KPMB
- Plainview, Texas; United States;
- Broadcast area: Hale County, Texas
- Frequency: 88.5 MHz
- Branding: La Radio Cristiana

Programming
- Language: Spanish
- Format: Christian

Ownership
- Owner: Centro Cristiano de Vida Eterna

History
- First air date: 1999

Technical information
- Licensing authority: FCC
- Facility ID: 88451
- Class: A
- ERP: 3,000 watts
- HAAT: 86 meters (282 ft)
- Transmitter coordinates: 34°13′14″N 101°42′52″W﻿ / ﻿34.22056°N 101.71444°W

Links
- Public license information: Public file; LMS;

= KPMB (FM) =

Radio station in Plainview, Texas, United States

KPMB (88.5 FM, "La Radio Cristiana") is an American radio station licensed since 1999 to serve the community of Plainview, the county seat of Hale County, Texas.
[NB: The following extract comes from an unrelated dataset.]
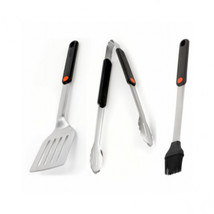 BBQ Tool Set - Pack of 6 - 3 Piece - $36.19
The station's broadcast license is held by Centro Cristiano de Vida Eterna.

==Programming==
KPMB broadcasts a Spanish-language Christian radio format to the greater Plainview, Texas, area as an affiliate of the La Radio Cristiana radio network.

==History==
In July 1997, Paulino Bernal Evangelism applied to the Federal Communications Commission (FCC) for a construction permit for a new broadcast radio station. The FCC granted this permit on June 30, 1998, with a scheduled expiration date of December 30, 1999. The new station was assigned call sign "KPMB" on November 23, 1999. After construction, modification, and testing were completed in December 1999, the station was granted its broadcast license on March 30, 2000.

Paulino Bernal Evangelism was run by accordion player and Christian evangelist Paulino D. Bernal Sr. of McAllen, Texas, and his family. In addition to KPMB, Paulino Bernal was also the license holder for Texas radio stations KCLR, KMAE, KMFM, KPBM, and KUBR. Bernal also owns 100% of the stock in KVOZ (890 AM, Del Mar Hills, Texas) license holder Consolidated Radio, Inc. Paulino Bernal Evangelism owns KAZF, KCZO, KPBB, KPBD, KPBE, KPBJ (since deleted by the FCC for excessive off air time), and KVFM in Texas plus KZPI in Deming, New Mexico. Station KPBD has been off the air since 2009. It and KTUE (AM) in Tulia, Texas, were both deleted by the FCC in 2011.

According to reports in the Plainview Daily Herald, KPMB fell silent in late July 2008 and remained off the air for at least three months as the station sought donations from "individuals, church groups, or businesses" to resume broadcasting. No "silent" notification is on file with the FCC.

Effective July 26, 2019, KPBM was sold to Centro Cristiano de Vida Eterna, along with KVFM and 14 translators, for $700,000.